Politique culturelle
Hissène Habré et son procès, tristes « stars » de la presse sénégalaise

Hissène Habré et son procès, tristes « stars » de la presse sénégalaise

21 juillet 2015 | PAR Elodie Schwartz

Le procès d’Hissène Habré s’est ouvert lundi 20 juillet devant les Chambres africaines extraordinaires (CAE) au Sénégal. L’occasion pour la presse de faire de l’ancien président tchadien l’homme de toutes les Unes. 

Hissène Habré est désormais devant la justice. Son procès, pour crimes de guerre, crimes contre l’Humanité et torture, s’est ouvert lundi 20 juillet 2015 à Dakar devant les Chambres africaines extraordinaires. Celui qui a dirigé le Tchad entre 1982 et 1990 ne souhaitait pas s’y rendre mais y a « été emmené de force », rapporte RFI. « Il a été conduit au palais de justice de la capitale sénégalaise où il est apparu, entouré de gendarmes, vêtu d’un boubou blanc, la tête entourée d’un turban couvrant sa bouche », explique au Monde son avocat français, François Serres.

Le premier jour du procès d’Hissène Habré a donc connu un début difficile d’autant plus que lors de l’audience, l’accusé âgé de 73 ans aurait crié contre l’institution judiciaire : « A bas l’impérialisme. A bas le nouveau colonialisme ». Maîtrisé par les forces de l’ordre, Hissène Habré, ainsi que ses sympathisants, s’en seraient ensuite pris au tribunal dont ils ne reconnaissent pas la légitimité et dont ils estiment le jugement acquis d’avance. A la suite de cela, une pause de trois heures a été proclamée et l’audience a repris mais pour cinq minutes seulement. « Le temps pour le Président de la Chambre d’assises de lire une déclaration écrite de Hissène Habré, par laquelle il refuse de se présenter devant le tribunal. » Face à cette défiance annoncée, le Président du tribunal, qui peut le faire comparaître de force, a choisi cette dernière option. A moins d’un rebondissement, Hissène Habré sera donc à nouveau présent à son procès mardi matin.
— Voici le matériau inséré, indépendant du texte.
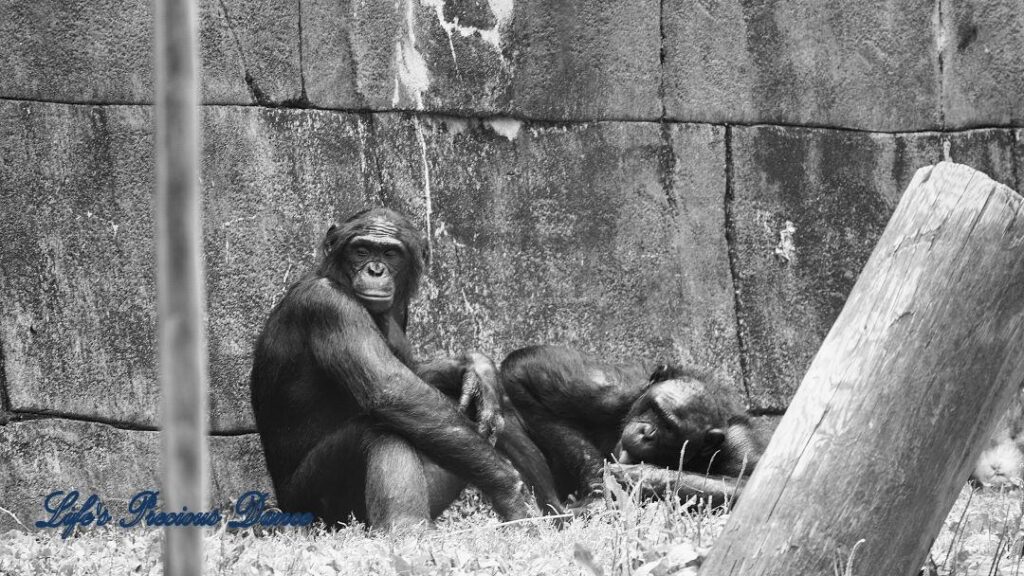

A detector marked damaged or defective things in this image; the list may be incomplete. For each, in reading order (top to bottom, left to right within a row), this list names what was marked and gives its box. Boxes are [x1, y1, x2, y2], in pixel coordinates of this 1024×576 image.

crack in wall [720, 124, 753, 403]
La presse sénégalaise se déchaîne

Face à ce qui peut être considéré comme l’une des plus grosses affaires de l’histoire de l’Afrique, la presse sénégalaise, pays où se déroule le procès, n’a pas manqué d’exprimer sa pensée. « Jour 1 du procès de l’ancien chef d’Etat tchadien : Habrégé ! » note L’Observateur à sa Une, soulignant que « Hissène disjoncte et fait suspendre l’audience ». « Affaire Habré : Le procès s’ouvre dans le chaos » titre Le Populaire, expliquant que l’audience a été émaillée d’incidents, et que Habré refuse de se faire photographier et filmer. Sur les réactions de l’ancien président tchadien, Le Quotidien, lui, estime que « Habré torture la Cour », « harangue ses partisans et irrite les juges ». De son côté, L’As mentionne qu' »Habré se déchaîne » tandis que le journal EnQuête raconte l’ouverture du procès de Habré et estime que c’était « comme sur un ring ». « Habré s’en prend aux politiciens pourris du Sénégal », titre La Tribune, relayant les propos de l’accusé : « En bas les traîtres de l’Afrique ». « Début dans la cacophonie », indique Le Témoin à sa Une, à côté du Soleil qui note que « Habré récuse la chambre et garde le silence ». Pour la première fois, c’est « l’Afrique qui juge l’Afrique », et « l’homme africain est entré dans l’Histoire… de la justice » ironise le dessinateur Rodho.

 

Tous ces titres focalisés sur le procès d’Hissène Habré donnent donc un avant-goût des trois mois de débats à venir : un procès au cours duquel les victimes présumées, qui courent après la justice depuis 25 ans, n’auront probablement pas l’occasion d’entendre les explications de l’ancien chef d’Etat.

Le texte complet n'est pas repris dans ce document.